» Exercise details
Without the pictures, set down every line of the data exactly.

» Data shown
--- START ---
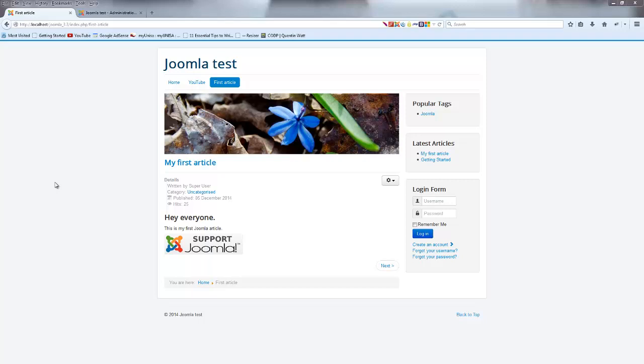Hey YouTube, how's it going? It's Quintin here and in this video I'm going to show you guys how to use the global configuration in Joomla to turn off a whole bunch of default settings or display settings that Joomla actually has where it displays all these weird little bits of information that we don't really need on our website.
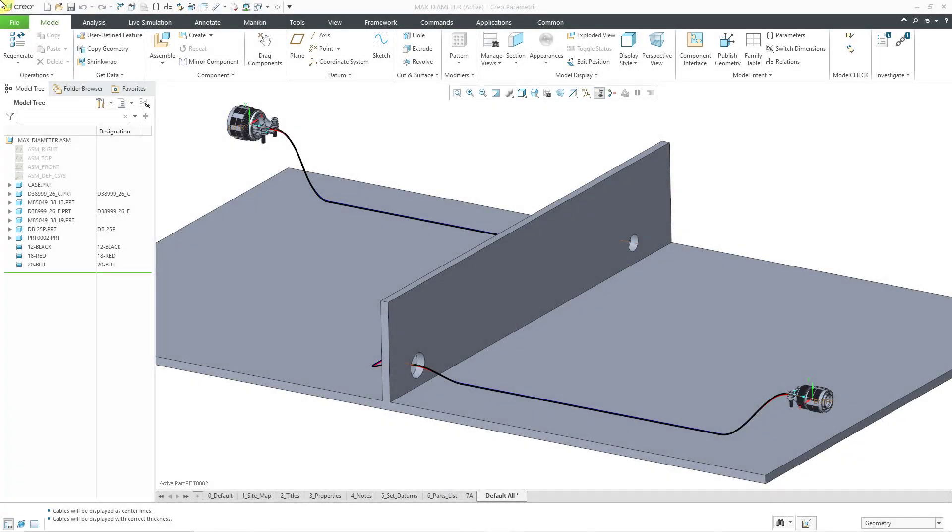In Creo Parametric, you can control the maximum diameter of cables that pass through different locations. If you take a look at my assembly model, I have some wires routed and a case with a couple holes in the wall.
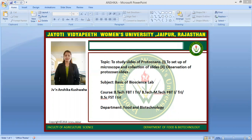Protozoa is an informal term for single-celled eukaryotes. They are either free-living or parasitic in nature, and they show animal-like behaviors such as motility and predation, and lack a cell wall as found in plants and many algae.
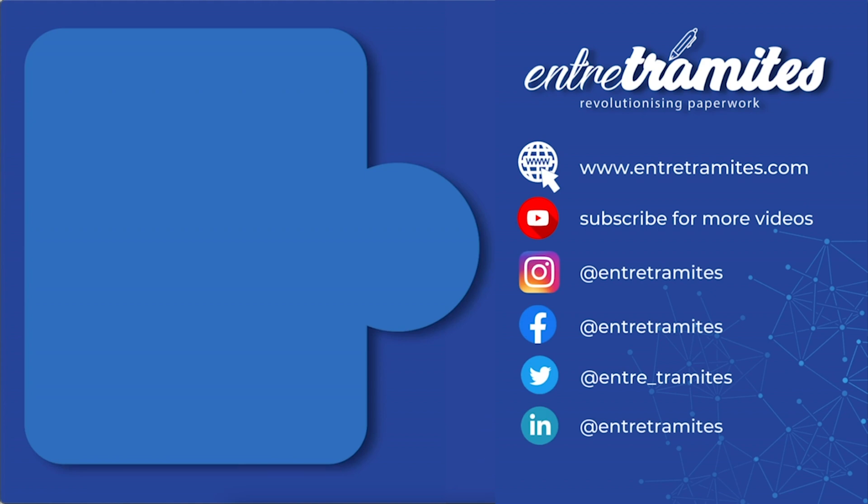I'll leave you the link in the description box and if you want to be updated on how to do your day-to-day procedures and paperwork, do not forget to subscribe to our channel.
--- END ---
» Exercise solution
Hey YouTube, how's it going? It's Quintin here and in this video I'm going to show you guys how to use the global configuration in Joomla to turn off a whole bunch of default settings or display settings that Joomla actually has where it displays all these weird little bits of information that we don't really need on our website.
In Creo Parametric, you can control the maximum diameter of cables that pass through different locations. If you take a look at my assembly model, I have some wires routed and a case with a couple holes in the wall.
Protozoa is an informal term for single-celled eukaryotes. They are either free-living or parasitic in nature, and they show animal-like behaviors such as motility and predation, and lack a cell wall as found in plants and many algae.
I'll leave you the link in the description box and if you want to be updated on how to do your day-to-day procedures and paperwork, do not forget to subscribe to our channel.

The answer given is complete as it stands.